2°) On grandit et on a des poussées d’hormones

 

  D’ailleurs, l’oncle de Peter le dit dans le film : «  Bourré d’hormones ».

  Le film commence par cette phrase : « L’histoire concerne une fille ».

  C’est la période où on regarde la fille qu’on aime sans oser l’aborder, avec en permanence un sourire idiot sur le visage.

  C’est quand on se retrouve seul avec cette fille que tout bascule (c’est lorsqu’il se retrouve seul avec Mary-Jane pour la première fois que Peter se fait piquer par l’araignée).

  Et alors, les premiers émois sexuels apparaissent.
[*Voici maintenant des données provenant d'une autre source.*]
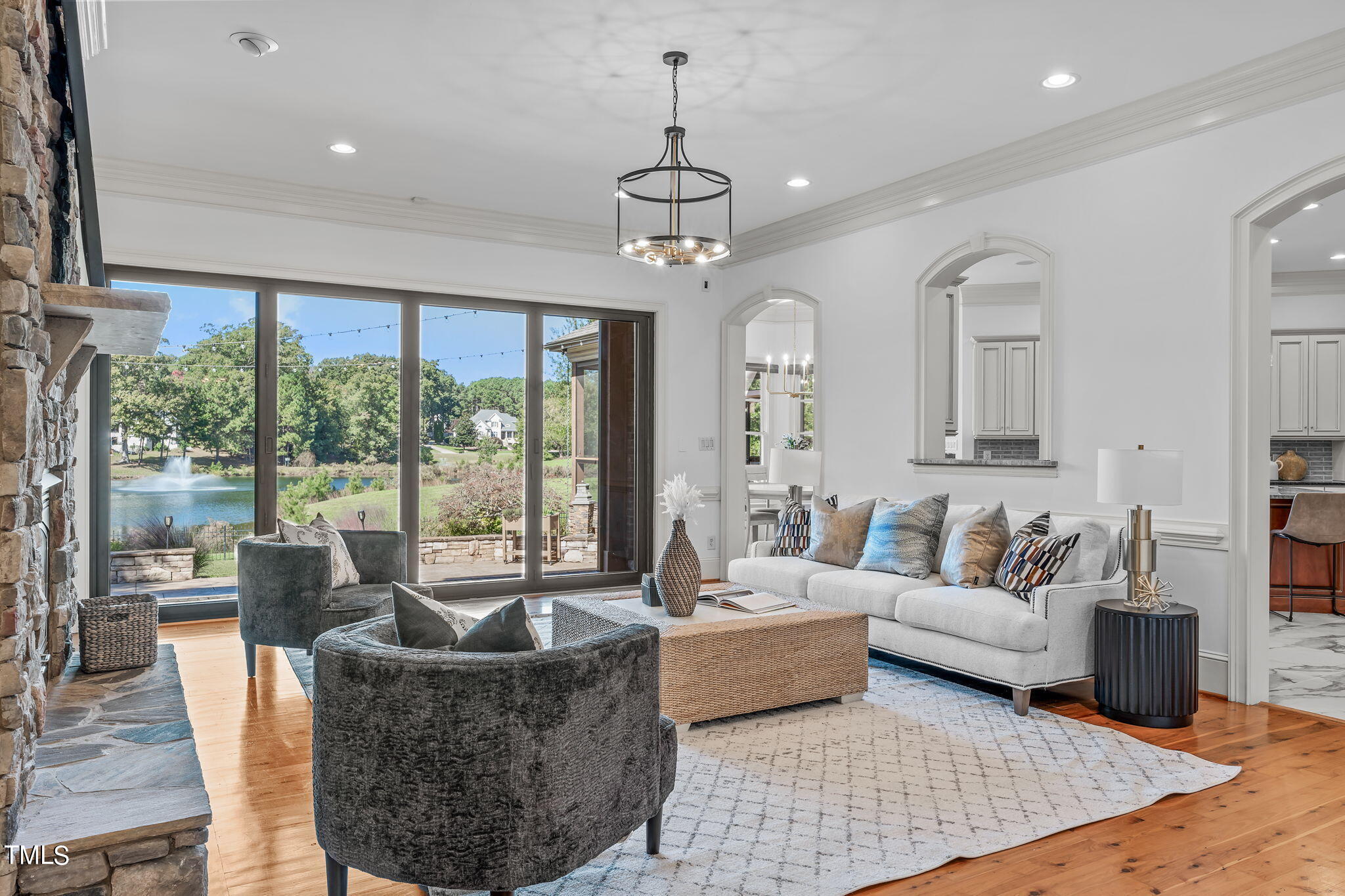 1012 Heydon Court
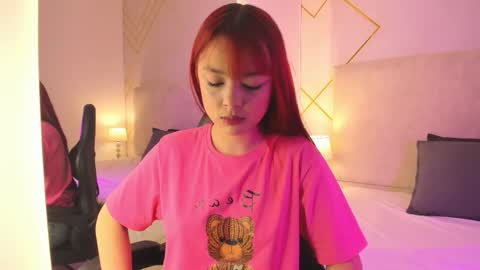 Snapshot of martinaa_garcia chatting on 12-13-25, 08:14 Martina online show from 12-13-25, 08:14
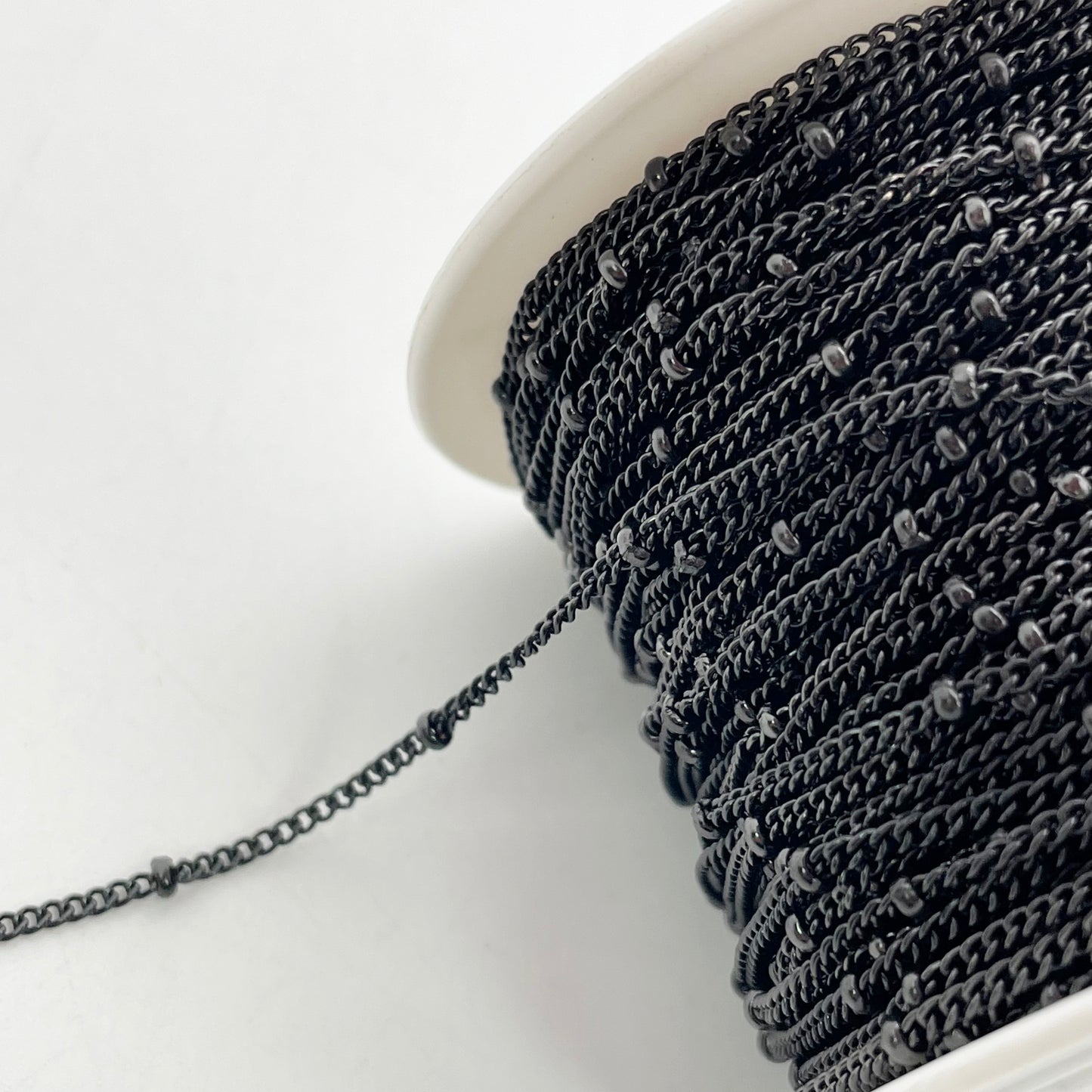 C1079 Black Beads Chain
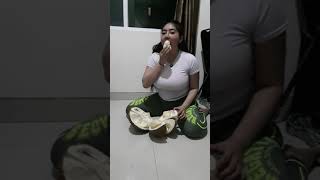 Gadis Cantik Lagi Belah Durian Musang King Montok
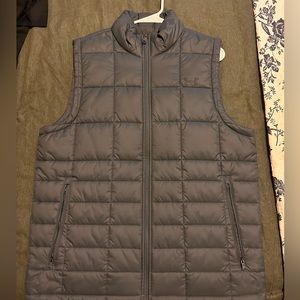 Men’s Under Armor Gray Puffy Vest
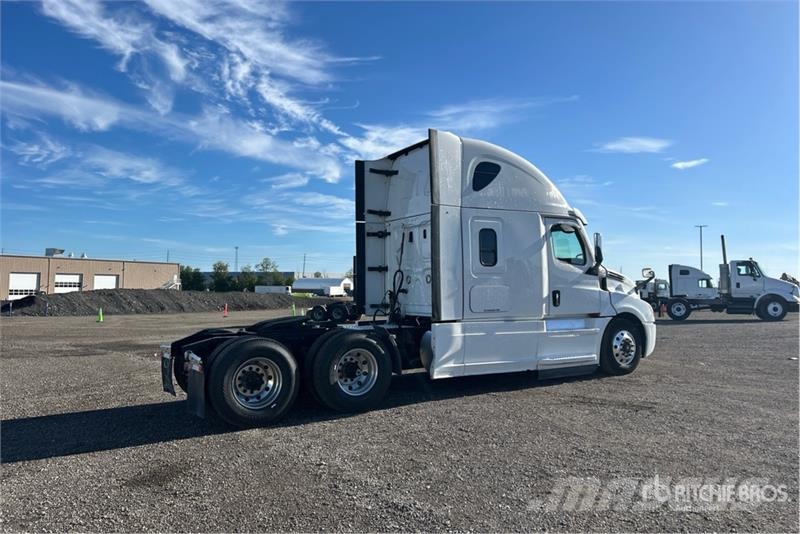 Freightliner Cascadia 126 6x4 T/A Sleeper Truck Tractor Седельные тягачи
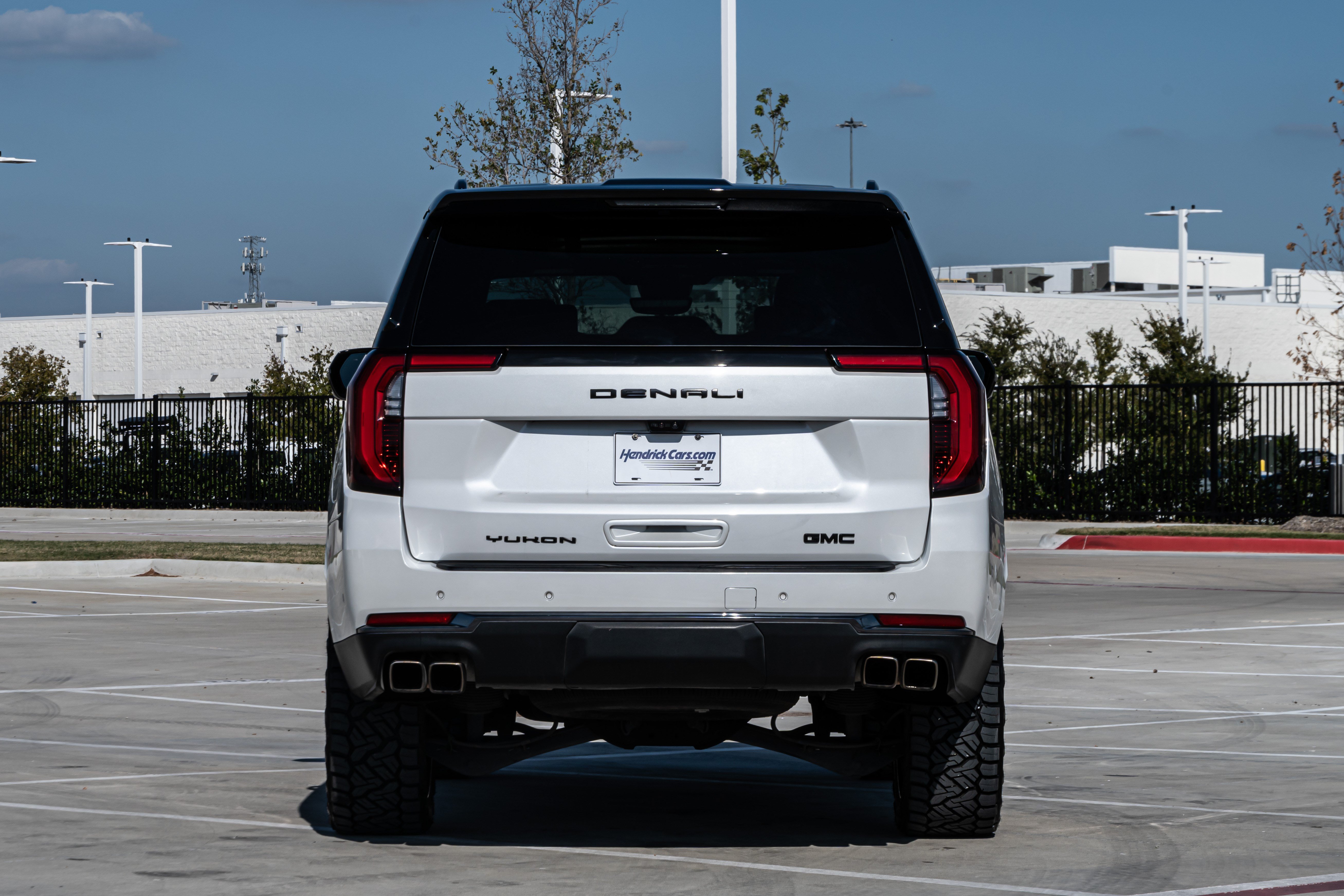Used 2025 GMC Yukon Denali Ultimate w/ LPO, Floor Liner Package AWD/4WD image 8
On ne voit plus cette fille comme une jolie fille qu’on aime, mais comme celle avec qui on veut coucher (le premier matin où Peter se réveille, le corps changé, après s’être observé torse nu, il voit Mary-Jane à travers la fenêtre de sa salle de bains. Son sourire en dit long.).

  Qui dit premiers émois sexuels, dit premières éjaculations, et là, Sam Raimi s’en donne à cœur joie dans la métaphore de la toile d’araignée. Florilège :

-Les premiers tests sont approximatifs et incontrôlés (sur le toit de l’immeuble).

-Alors que l’on commence à contrôler cette activité, on se concentre sur des objectifs de plus en plus importants (Peter testant sa toile sur tous les objets de la chambre).

-Bien entendu, cette activité se fait discrètement dans sa chambre, mais l’entourage se doute bien de quelque chose (ici sa tante qui passe la tête par la chambre et lui demande si tout va bien).

  Bien sûr qu’il fait ça en pensant à Mary-Jane le bougre, mais c’est sous le déguisement de Spiderman qu’il a son éjaculation filaire face à sa bien aimée, et quatre fois d’affilée s’il vous plaît (il faut dire qu’elle est habillée en t-shirt mouillé… (Scène où il va la sauver d'une agression)).

  Mais les jeunes filles ne sont pas en reste, car après avoir embrassé le super héros (une des meilleures scènes du film ave ce baiser en inversé), elle est toute mouillée.

  Oh, bien sûr, d’autres filles plaisent, et généralement, on n’arrive pas à le cacher (une des répliques les plus à double sens du film : Peter, avec son objectif d’appareil photo en érection devant une secrétaire mignonne, veut lui dire qu’il est le nouveau photographe. Il dit juste : « Je suis…. »La secrétaire regarde l’objectif dressé vers elle et répond : « Je sais »).

  Mais bien sûr, la fille que t’aime sort avec ton meilleur ami (ici avec Harry). Ce qu’elle aime, c’est les héros (Spiderman), pas les garçons normaux.

  Une histoire d’amour peut briser une amitié (la rancune de Harry quand il croit que Peter et Mary-Jane sont ensemble).

  A l’arrivée, on aime tellement que la seule alternative, c’est l’amitié. 

 

  Même s'il reste au-dessus du lot par rapport à d'autres films, ce premier Spiderman a déjà un peu vieilli. Mais il est essentiel si l'on veut regarder les deux suites.